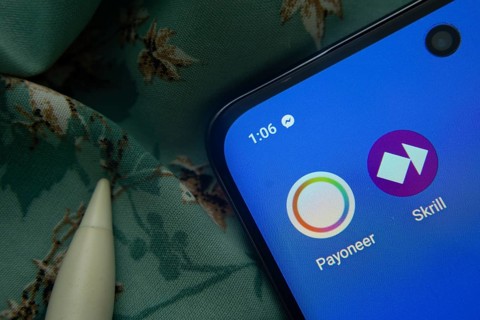 Dhaka, Bangladesh- 07 May 2025: Payoneer and Skrill app icon is seen on smartphone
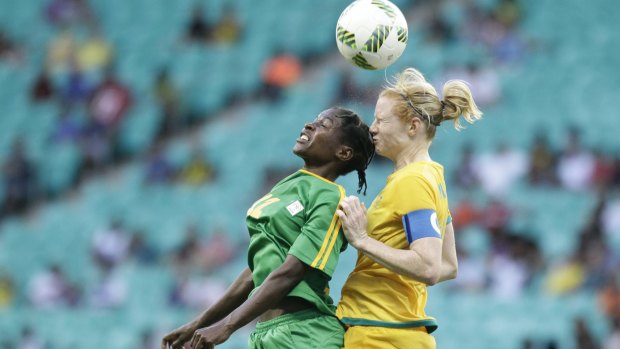 Zimbabwe's Marjory Nyaumwe, left, and Australia's Clare Polkinghorne jump for the ball on Tuesday.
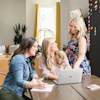 a group of women sitting at a table looking at a laptop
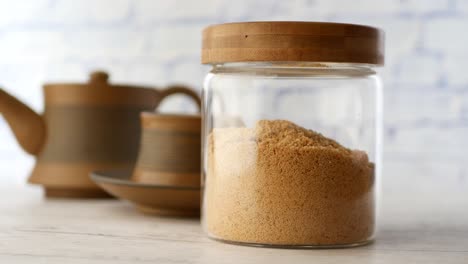 azúcar marrón en frasco de vidrio con tetera y taza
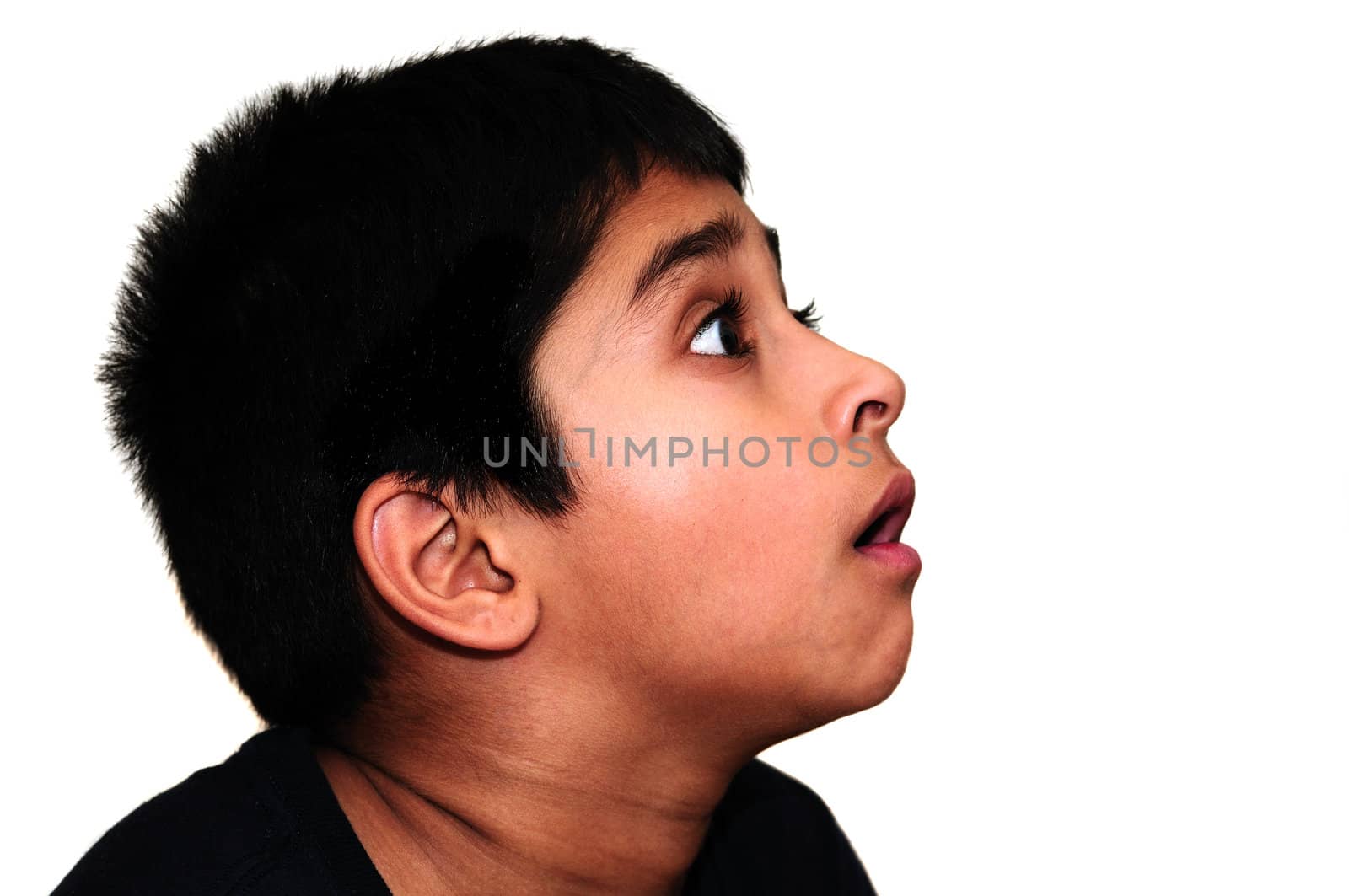 An handsome Indian kid awestruck watching television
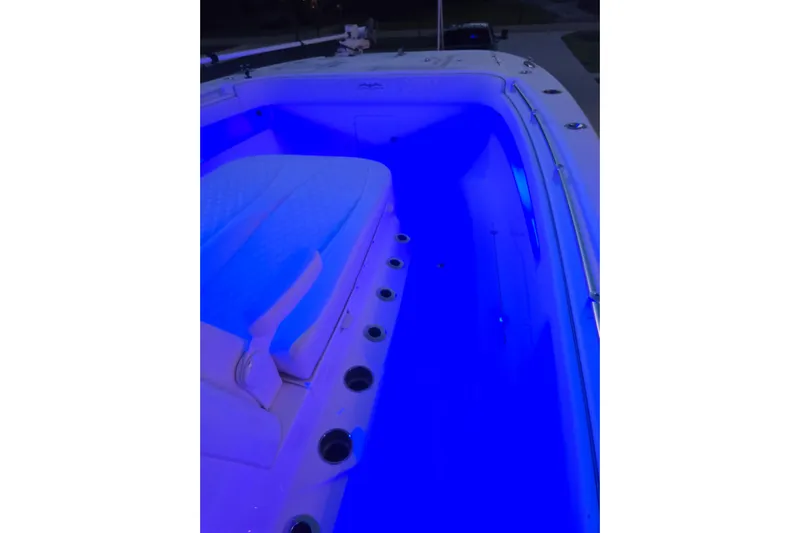 Humble Beginnings Yacht Photos Pics 2022 Invincible 33 Catamaran interior with blue LED lighting and cushioned seating.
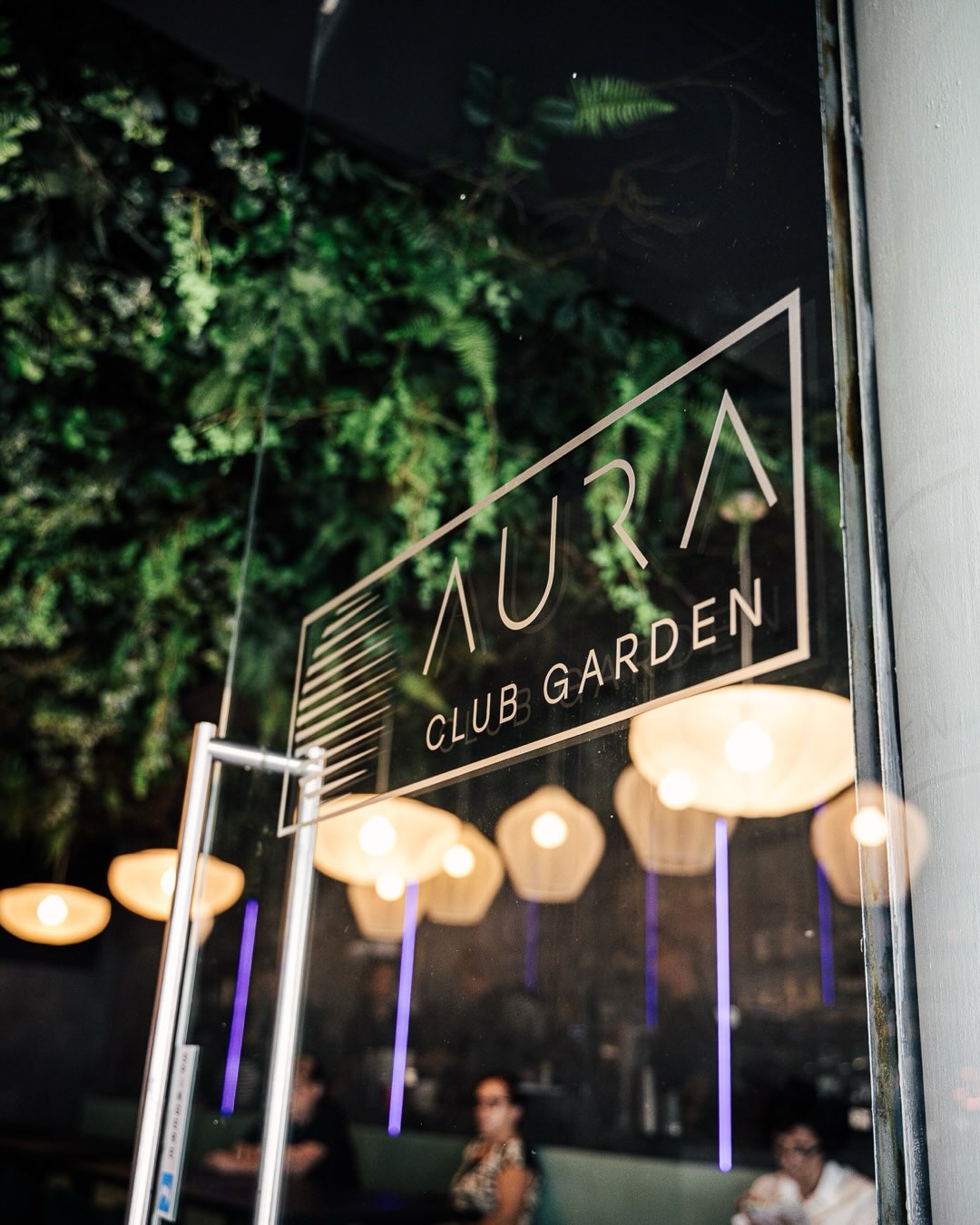 L'insegna AURA CLUB GARDEN illuminata tra le piante
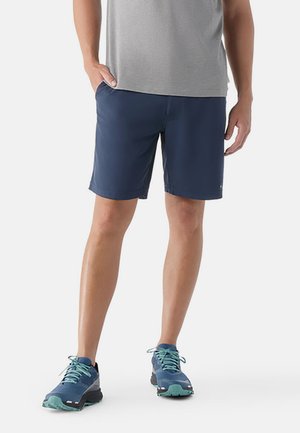 Person, die marineblaue Shorts, graues T-Shirt und blaue Sportschuhe trägt, steht mit einer Hand in der Tasche vor weißem Hintergrund.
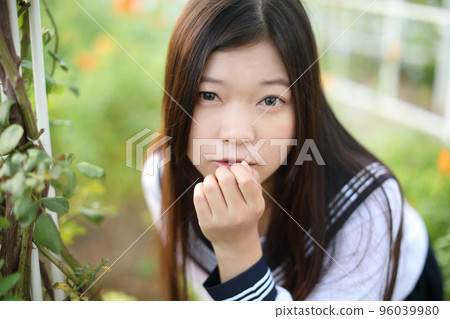 school girl costume at park outdoor with flowers garden background 96039980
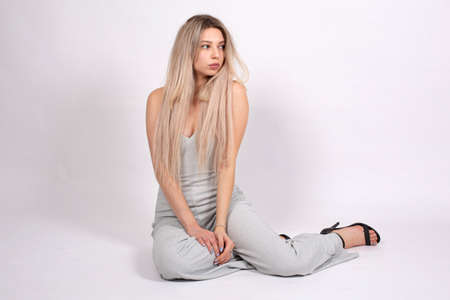 Young european woman with white skin isolated on grey sitting on the floorの写真素材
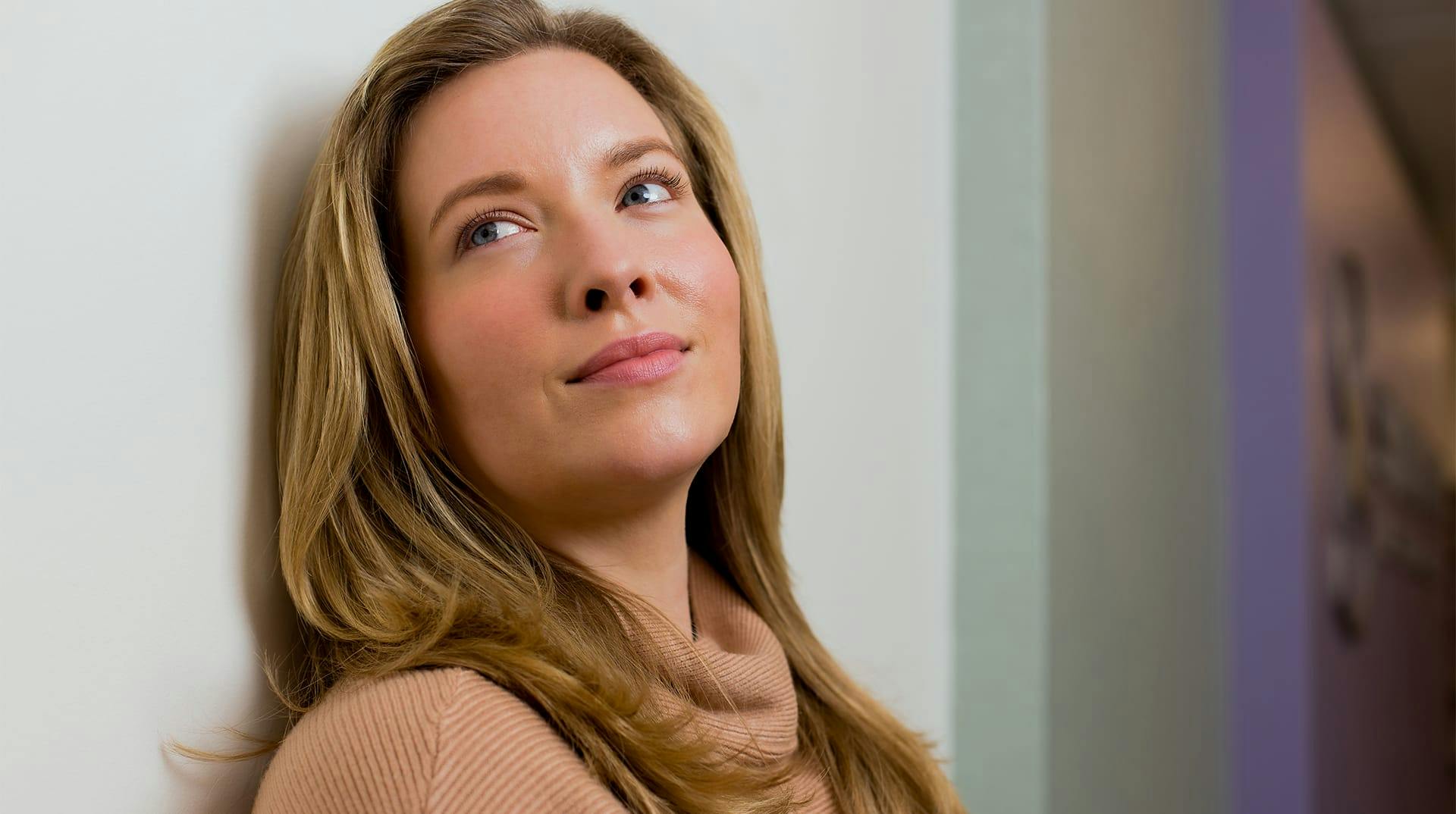 woman leaning on wall and looking to the side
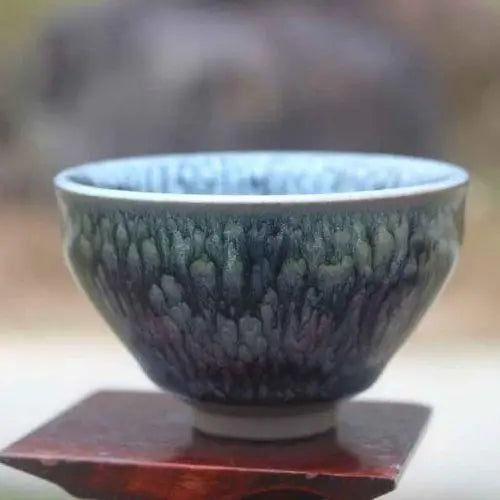 Close-up of tenmoku iron glaze swirling pattern on handmade Japanese stoneware bowl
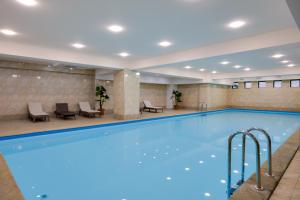 a large swimming pool in a hotel room at Hotel Astoria Tbilisi in Tbilisi City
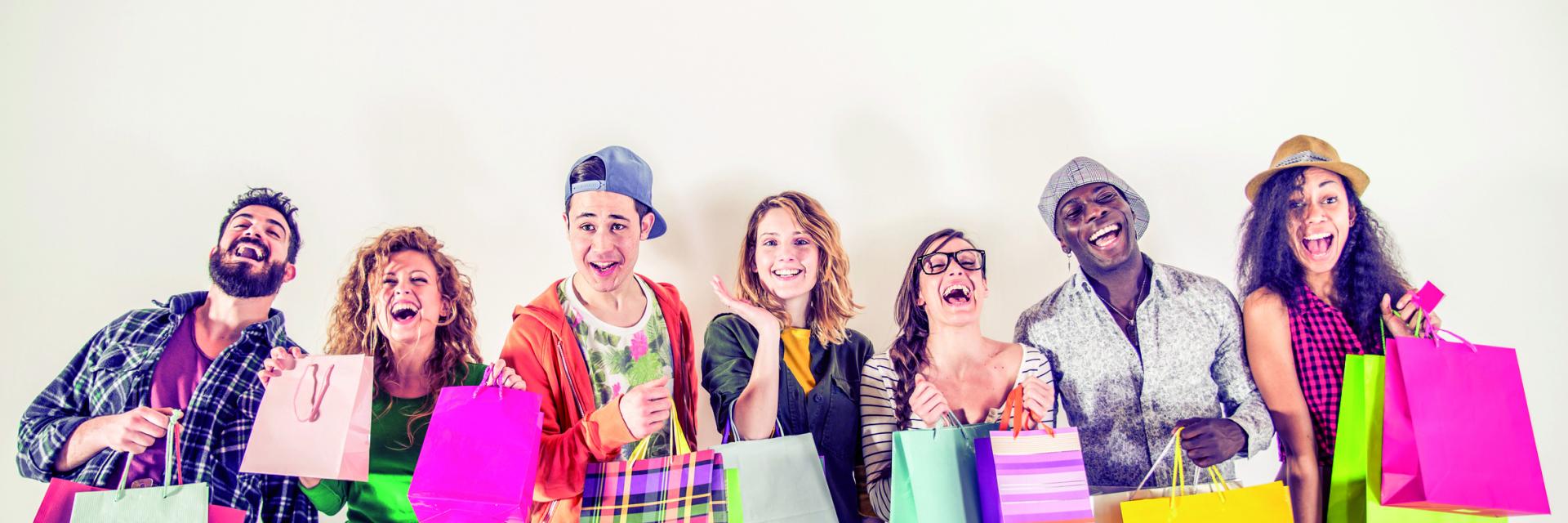 Multi-ethnic group of people holding colored shopping bags and laughing - Portrait of funny friends posing on white background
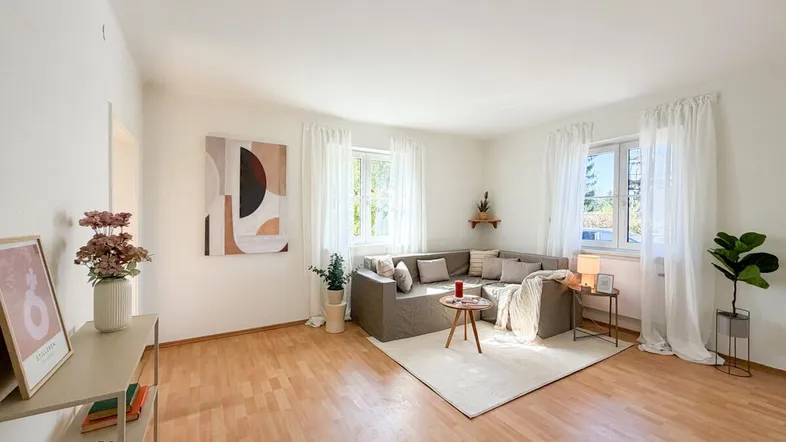 Helles Wohnzimmer mit Parkettboden, gemütlichem Ecksofa und moderner Dekoration.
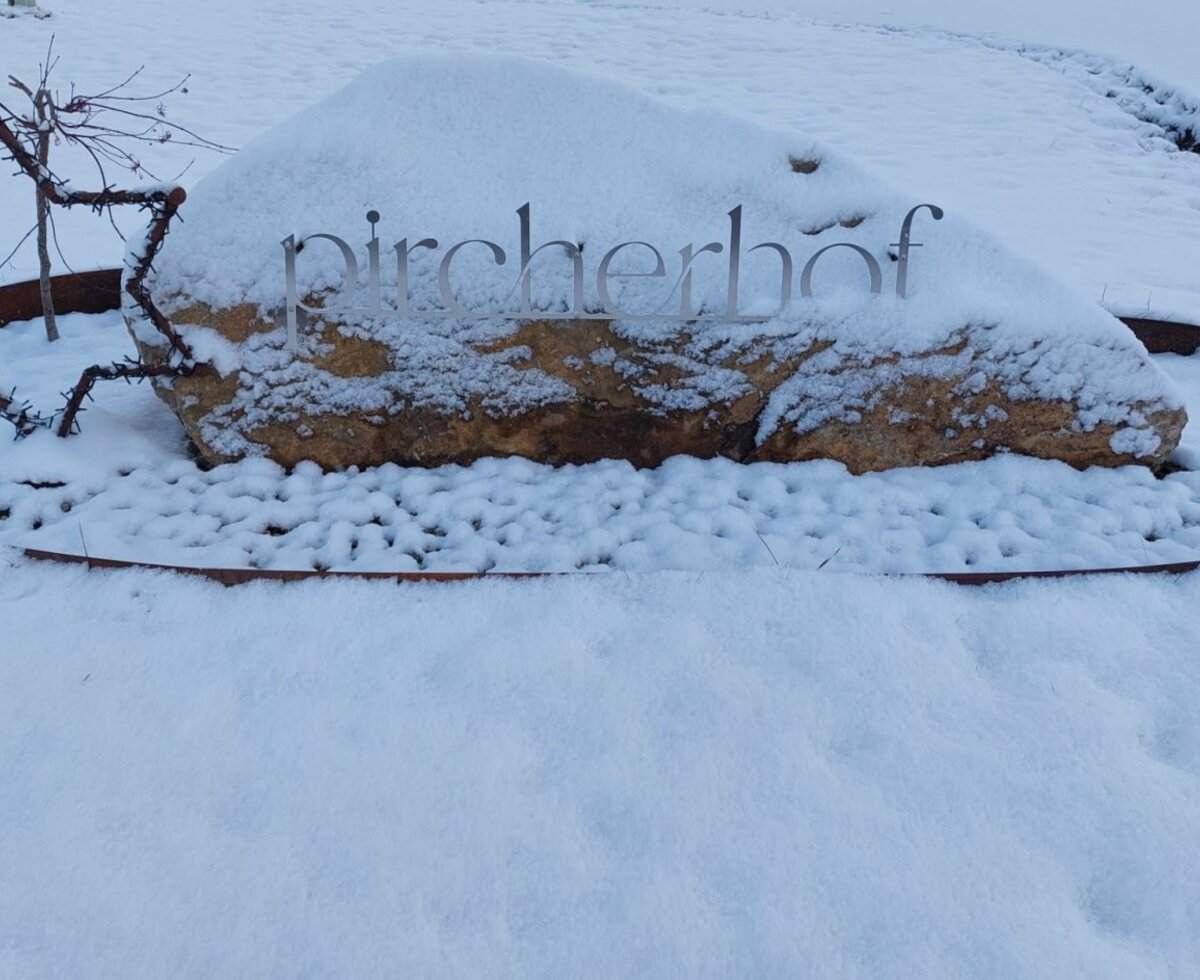 The entrance sign for the Farm House, featuring "pircherhof" lettering on a stone, is surrounded by snow and a star decoration.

--

If a line falls between the first line of the records above and the line containing "a large swimming", inclusive, retype it exactly; leave pictures out.

 Dhaka, Bangladesh- 07 May 2025: Payoneer and Skrill app icon is seen on smartphone
 Zimbabwe's Marjory Nyaumwe, left, and Australia's Clare Polkinghorne jump for the ball on Tuesday.
 a group of women sitting at a table looking at a laptop
 azúcar marrón en frasco de vidrio con tetera y taza
 An handsome Indian kid awestruck watching television
 Humble Beginnings Yacht Photos Pics 2022 Invincible 33 Catamaran interior with blue LED lighting and cushioned seating.
 L'insegna AURA CLUB GARDEN illuminata tra le piante
 Person, die marineblaue Shorts, graues T-Shirt und blaue Sportschuhe trägt, steht mit einer Hand in der Tasche vor weißem Hintergrund.
 school girl costume at park outdoor with flowers garden background 96039980
 Young european woman with white skin isolated on grey sitting on the floorの写真素材
 woman leaning on wall and looking to the side
 Close-up of tenmoku iron glaze swirling pattern on handmade Japanese stoneware bowl
 a large swimming pool in a hotel room at Hotel Astoria Tbilisi in Tbilisi City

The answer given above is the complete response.